**TASK DETAILS**
A verbatim copy of every record is required, and no pictures should be included.

|---|

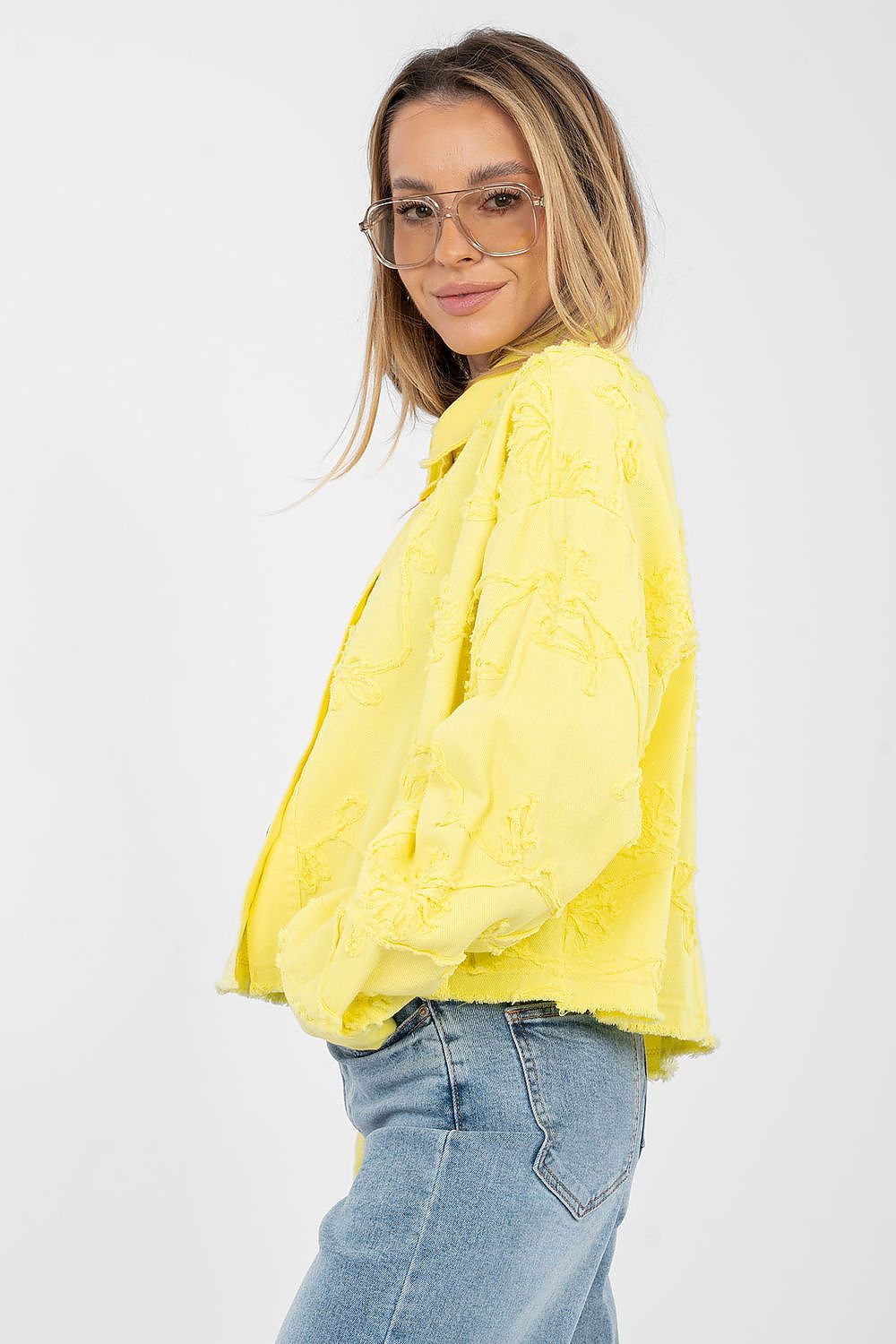  Denim jacket model 223794 Rue Paris 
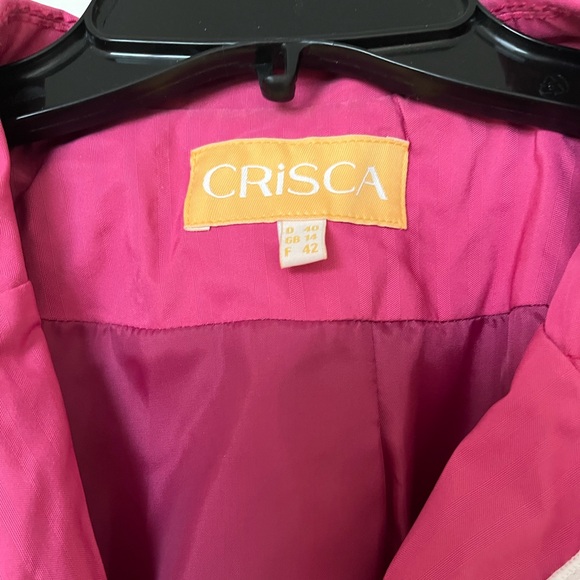 Fun Pink - Unique Jacket, European Style - Picture 6 of 6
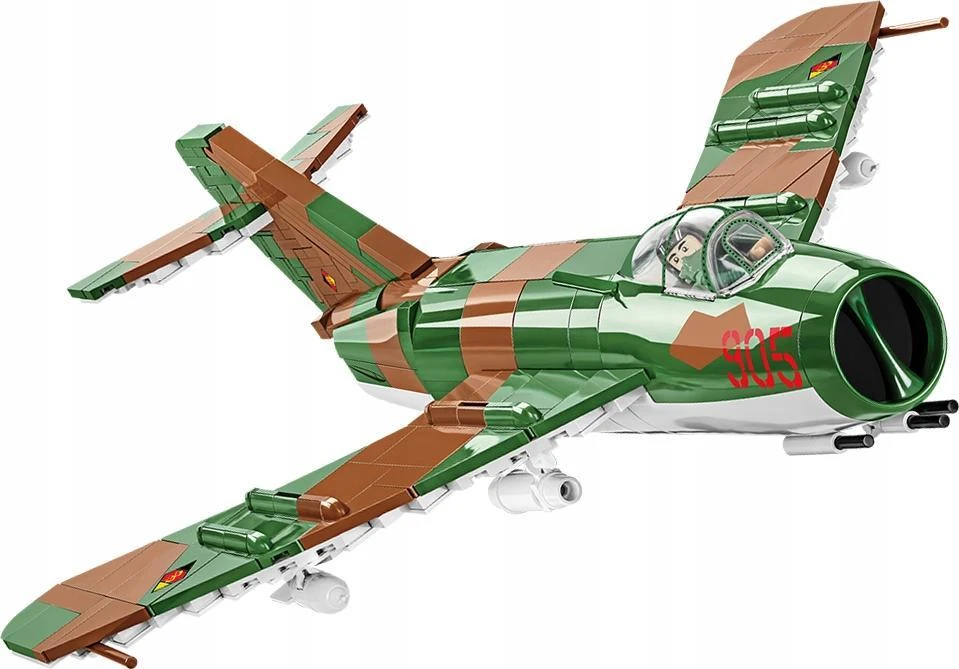 Cobi HC Cold War Fighter Lim-5 MiG-17F GDR (490483)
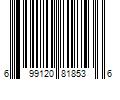 Barcode Image for UPC code 699120818536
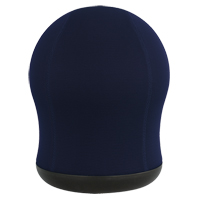 Chaise sph&eacute;rique pivotante Zenergy, Vinyle, Bleu, Capacit&eacute; 250 lb Distribution Jean Lapalme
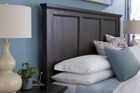 Aspen Home Cambridge Framed Panel Bed with Storage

|---|

**TASK OUTPUT**
  Denim jacket model 223794 Rue Paris 
 Fun Pink - Unique Jacket, European Style - Picture 6 of 6
 Cobi HC Cold War Fighter Lim-5 MiG-17F GDR (490483)
 Barcode Image for UPC code 699120818536
 Chaise sph&eacute;rique pivotante Zenergy, Vinyle, Bleu, Capacit&eacute; 250 lb Distribution Jean Lapalme
 Aspen Home Cambridge Framed Panel Bed with Storage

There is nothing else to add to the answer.